▶ [Instructions for the task]:
Begin with the first line of the entries below. Copy each line exactly, stopping after the one that contains "Netflix, HBO, Amazon…".
[[ Extracted material, beginning ]]
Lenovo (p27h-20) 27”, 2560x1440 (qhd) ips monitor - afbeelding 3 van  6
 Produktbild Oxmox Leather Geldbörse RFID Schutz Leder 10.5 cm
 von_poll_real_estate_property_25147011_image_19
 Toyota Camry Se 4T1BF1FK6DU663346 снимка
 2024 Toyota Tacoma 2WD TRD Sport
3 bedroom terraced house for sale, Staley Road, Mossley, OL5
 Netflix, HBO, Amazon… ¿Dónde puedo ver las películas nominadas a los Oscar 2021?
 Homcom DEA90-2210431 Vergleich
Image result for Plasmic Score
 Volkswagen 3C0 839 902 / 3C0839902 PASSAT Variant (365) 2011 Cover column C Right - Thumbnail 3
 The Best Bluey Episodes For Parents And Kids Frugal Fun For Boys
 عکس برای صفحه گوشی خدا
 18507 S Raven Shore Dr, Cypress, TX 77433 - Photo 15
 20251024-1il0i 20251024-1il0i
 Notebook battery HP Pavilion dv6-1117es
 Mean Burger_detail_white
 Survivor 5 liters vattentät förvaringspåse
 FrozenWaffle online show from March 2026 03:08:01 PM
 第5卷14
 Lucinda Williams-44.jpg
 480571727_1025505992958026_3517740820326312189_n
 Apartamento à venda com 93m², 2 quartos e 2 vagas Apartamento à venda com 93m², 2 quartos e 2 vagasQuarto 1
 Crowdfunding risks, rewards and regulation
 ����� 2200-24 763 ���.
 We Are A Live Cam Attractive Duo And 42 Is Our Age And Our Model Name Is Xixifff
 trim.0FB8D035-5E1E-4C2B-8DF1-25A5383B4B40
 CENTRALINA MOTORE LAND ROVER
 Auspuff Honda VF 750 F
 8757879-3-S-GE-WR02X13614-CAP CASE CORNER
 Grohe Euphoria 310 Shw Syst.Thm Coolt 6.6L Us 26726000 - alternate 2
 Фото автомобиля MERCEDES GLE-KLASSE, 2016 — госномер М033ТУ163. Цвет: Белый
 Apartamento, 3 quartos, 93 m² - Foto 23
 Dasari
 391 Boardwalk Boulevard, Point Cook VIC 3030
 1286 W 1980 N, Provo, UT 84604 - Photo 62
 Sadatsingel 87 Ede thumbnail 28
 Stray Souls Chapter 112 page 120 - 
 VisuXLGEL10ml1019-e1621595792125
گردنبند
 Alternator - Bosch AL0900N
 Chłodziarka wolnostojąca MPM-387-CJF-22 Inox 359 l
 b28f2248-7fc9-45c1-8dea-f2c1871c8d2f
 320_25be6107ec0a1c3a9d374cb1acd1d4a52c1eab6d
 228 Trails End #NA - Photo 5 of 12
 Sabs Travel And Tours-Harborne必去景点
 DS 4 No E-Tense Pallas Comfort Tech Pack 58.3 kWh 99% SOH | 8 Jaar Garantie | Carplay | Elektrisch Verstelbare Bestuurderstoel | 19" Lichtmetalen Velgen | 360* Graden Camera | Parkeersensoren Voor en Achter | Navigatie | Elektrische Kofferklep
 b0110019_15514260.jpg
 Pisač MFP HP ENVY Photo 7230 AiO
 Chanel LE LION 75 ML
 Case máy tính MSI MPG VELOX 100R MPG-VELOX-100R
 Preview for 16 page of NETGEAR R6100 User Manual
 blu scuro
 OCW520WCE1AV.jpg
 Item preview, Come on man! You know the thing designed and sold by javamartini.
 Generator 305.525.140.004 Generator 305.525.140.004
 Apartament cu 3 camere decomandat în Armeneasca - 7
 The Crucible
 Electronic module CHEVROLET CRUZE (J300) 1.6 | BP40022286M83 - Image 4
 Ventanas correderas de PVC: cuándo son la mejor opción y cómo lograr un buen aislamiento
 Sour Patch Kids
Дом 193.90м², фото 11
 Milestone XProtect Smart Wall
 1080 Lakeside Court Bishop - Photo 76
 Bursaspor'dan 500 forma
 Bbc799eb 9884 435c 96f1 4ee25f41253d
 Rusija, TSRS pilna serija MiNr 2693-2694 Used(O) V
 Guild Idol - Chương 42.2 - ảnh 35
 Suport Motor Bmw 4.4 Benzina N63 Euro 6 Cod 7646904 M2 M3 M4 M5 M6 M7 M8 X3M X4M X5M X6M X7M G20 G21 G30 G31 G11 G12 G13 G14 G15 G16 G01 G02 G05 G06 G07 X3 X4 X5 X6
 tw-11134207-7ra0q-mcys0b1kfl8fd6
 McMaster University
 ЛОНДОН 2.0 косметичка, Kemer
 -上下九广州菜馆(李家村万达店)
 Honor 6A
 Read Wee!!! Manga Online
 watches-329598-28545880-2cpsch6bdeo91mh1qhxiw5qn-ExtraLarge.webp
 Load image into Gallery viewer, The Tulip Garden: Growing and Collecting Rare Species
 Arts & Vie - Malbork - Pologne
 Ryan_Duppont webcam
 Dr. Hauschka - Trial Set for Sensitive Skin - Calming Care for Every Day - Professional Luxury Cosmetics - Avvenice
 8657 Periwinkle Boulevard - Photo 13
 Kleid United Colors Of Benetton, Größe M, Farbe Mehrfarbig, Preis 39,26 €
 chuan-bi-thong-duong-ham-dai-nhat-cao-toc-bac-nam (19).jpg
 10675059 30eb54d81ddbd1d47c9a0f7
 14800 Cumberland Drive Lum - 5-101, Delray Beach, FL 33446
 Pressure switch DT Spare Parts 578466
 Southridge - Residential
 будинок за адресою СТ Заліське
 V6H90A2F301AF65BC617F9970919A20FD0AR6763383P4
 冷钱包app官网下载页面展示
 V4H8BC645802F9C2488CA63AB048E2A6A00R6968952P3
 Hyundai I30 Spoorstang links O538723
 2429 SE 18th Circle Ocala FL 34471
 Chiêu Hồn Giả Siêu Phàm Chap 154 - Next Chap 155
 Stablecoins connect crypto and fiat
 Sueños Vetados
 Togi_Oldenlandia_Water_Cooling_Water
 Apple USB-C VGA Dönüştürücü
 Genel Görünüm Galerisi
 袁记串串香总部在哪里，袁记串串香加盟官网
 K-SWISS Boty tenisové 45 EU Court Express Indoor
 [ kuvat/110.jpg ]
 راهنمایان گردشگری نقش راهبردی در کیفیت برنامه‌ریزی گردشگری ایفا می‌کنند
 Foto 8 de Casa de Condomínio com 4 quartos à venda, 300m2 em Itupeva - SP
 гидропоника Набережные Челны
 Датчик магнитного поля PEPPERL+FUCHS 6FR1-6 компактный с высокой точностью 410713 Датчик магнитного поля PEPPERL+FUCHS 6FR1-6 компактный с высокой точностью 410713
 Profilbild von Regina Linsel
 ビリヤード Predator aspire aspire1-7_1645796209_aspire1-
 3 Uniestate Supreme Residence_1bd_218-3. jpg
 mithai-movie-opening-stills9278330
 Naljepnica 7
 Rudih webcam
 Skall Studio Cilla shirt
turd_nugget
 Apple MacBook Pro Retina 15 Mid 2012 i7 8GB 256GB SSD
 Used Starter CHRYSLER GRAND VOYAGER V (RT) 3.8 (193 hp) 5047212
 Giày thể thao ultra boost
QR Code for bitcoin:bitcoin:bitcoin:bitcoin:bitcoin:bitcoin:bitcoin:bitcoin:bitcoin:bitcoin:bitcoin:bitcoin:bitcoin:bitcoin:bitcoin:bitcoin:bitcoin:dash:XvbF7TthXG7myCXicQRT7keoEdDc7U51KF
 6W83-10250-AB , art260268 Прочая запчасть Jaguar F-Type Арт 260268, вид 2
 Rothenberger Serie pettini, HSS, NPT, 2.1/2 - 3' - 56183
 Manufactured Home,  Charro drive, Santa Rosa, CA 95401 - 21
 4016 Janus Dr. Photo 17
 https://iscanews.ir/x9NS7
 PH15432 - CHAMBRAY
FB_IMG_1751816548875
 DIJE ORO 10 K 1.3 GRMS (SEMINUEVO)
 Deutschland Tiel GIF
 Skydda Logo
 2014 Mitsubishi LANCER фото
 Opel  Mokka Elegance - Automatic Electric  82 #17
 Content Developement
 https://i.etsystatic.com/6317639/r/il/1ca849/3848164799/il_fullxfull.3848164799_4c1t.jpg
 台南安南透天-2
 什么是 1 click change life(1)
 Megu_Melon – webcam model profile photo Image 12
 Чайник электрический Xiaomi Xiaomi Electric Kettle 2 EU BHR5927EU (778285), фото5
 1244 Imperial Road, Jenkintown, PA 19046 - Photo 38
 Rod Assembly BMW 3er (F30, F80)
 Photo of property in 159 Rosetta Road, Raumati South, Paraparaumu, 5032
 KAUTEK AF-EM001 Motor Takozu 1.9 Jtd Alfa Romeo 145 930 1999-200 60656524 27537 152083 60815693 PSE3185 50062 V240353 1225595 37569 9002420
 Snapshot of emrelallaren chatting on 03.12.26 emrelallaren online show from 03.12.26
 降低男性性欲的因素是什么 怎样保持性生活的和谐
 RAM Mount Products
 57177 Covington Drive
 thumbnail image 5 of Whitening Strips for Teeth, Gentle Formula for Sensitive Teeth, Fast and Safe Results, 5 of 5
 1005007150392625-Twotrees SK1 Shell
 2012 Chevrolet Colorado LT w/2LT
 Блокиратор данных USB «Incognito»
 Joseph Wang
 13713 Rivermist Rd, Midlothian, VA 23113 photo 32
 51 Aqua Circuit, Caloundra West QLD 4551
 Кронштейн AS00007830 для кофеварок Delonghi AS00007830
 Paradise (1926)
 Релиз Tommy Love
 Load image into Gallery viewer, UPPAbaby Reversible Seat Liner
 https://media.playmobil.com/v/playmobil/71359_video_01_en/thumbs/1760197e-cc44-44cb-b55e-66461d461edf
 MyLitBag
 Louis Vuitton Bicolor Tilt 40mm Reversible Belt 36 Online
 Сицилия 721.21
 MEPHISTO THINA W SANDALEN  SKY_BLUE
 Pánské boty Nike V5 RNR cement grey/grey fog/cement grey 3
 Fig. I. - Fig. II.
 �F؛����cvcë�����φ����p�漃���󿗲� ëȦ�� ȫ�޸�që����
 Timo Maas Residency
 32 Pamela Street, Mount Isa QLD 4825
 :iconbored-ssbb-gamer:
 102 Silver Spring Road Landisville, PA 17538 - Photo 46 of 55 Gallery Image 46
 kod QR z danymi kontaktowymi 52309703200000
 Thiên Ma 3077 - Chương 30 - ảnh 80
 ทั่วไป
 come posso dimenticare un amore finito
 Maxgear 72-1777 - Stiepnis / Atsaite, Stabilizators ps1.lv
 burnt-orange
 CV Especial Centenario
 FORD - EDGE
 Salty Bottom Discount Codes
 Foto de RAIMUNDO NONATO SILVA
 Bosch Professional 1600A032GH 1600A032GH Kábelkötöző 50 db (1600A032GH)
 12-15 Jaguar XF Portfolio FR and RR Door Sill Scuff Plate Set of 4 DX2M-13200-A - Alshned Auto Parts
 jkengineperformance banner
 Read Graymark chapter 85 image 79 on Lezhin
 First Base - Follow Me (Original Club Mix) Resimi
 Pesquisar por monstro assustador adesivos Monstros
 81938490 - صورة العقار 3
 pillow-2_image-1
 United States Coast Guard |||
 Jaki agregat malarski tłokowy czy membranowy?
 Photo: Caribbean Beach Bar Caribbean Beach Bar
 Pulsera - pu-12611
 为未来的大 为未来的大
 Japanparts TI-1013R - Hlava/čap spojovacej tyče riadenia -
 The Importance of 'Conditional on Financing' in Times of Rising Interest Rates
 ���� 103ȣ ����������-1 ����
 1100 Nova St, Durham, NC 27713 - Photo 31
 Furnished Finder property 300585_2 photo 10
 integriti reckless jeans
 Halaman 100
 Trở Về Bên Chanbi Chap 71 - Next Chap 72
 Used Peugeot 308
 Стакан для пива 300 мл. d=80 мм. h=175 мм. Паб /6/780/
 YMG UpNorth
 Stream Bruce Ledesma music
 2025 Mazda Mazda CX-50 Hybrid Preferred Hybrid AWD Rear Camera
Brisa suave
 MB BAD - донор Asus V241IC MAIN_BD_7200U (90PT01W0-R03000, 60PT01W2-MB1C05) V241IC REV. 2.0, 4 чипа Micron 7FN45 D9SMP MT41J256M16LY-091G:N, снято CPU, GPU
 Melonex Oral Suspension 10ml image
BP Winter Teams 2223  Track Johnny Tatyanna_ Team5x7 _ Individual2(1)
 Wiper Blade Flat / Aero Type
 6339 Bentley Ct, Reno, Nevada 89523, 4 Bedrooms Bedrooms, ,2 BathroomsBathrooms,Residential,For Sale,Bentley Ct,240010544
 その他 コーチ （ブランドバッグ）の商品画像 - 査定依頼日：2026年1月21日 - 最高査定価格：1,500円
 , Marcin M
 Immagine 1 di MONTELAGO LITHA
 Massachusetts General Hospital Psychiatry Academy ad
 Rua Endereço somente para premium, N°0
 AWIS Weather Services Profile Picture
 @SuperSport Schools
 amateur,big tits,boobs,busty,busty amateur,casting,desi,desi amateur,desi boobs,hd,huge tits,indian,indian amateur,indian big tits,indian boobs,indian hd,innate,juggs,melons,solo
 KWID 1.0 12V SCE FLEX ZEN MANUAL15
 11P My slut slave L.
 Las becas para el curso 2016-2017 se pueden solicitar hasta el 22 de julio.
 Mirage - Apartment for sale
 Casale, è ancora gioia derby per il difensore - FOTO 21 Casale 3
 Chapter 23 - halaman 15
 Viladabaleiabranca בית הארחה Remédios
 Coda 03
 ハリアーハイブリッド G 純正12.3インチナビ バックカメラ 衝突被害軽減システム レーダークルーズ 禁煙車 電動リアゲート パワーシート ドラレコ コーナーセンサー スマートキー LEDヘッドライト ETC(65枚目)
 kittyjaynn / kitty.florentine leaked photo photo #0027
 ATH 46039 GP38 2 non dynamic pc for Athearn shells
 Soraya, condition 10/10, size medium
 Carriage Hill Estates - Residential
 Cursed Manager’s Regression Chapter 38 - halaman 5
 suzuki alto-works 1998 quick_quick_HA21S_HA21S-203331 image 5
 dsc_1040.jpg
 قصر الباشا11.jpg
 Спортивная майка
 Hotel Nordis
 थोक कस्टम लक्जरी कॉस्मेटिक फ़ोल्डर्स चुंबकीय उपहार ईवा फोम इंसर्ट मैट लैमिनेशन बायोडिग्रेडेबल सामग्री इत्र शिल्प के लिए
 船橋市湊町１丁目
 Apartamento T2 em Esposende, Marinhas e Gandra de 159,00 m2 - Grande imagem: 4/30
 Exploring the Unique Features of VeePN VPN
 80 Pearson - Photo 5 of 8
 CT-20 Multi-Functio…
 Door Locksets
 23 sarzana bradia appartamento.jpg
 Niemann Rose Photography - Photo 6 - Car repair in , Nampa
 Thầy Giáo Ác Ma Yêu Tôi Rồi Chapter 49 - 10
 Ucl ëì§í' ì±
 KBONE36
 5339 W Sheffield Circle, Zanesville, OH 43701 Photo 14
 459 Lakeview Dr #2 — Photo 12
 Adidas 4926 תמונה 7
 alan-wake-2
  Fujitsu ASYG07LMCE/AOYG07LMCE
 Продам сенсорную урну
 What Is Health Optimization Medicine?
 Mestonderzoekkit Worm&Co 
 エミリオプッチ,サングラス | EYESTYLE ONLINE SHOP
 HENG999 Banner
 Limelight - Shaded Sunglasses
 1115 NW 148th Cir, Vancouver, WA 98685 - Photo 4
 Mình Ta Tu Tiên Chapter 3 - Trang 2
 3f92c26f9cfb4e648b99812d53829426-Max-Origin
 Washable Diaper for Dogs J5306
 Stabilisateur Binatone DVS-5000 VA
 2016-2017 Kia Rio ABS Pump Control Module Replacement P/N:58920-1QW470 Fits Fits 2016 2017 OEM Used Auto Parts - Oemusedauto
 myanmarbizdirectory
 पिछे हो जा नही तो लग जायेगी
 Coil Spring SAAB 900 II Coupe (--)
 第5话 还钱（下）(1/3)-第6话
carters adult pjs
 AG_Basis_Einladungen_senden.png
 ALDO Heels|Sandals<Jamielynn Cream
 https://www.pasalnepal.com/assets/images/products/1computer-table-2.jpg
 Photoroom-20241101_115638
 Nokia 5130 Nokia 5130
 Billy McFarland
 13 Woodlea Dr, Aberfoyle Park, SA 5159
[[ Extracted material, end ]]
▶ [Written answer]:
Lenovo (p27h-20) 27”, 2560x1440 (qhd) ips monitor - afbeelding 3 van  6
 Produktbild Oxmox Leather Geldbörse RFID Schutz Leder 10.5 cm
 von_poll_real_estate_property_25147011_image_19
 Toyota Camry Se 4T1BF1FK6DU663346 снимка
 2024 Toyota Tacoma 2WD TRD Sport
3 bedroom terraced house for sale, Staley Road, Mossley, OL5
 Netflix, HBO, Amazon… ¿Dónde puedo ver las películas nominadas a los Oscar 2021?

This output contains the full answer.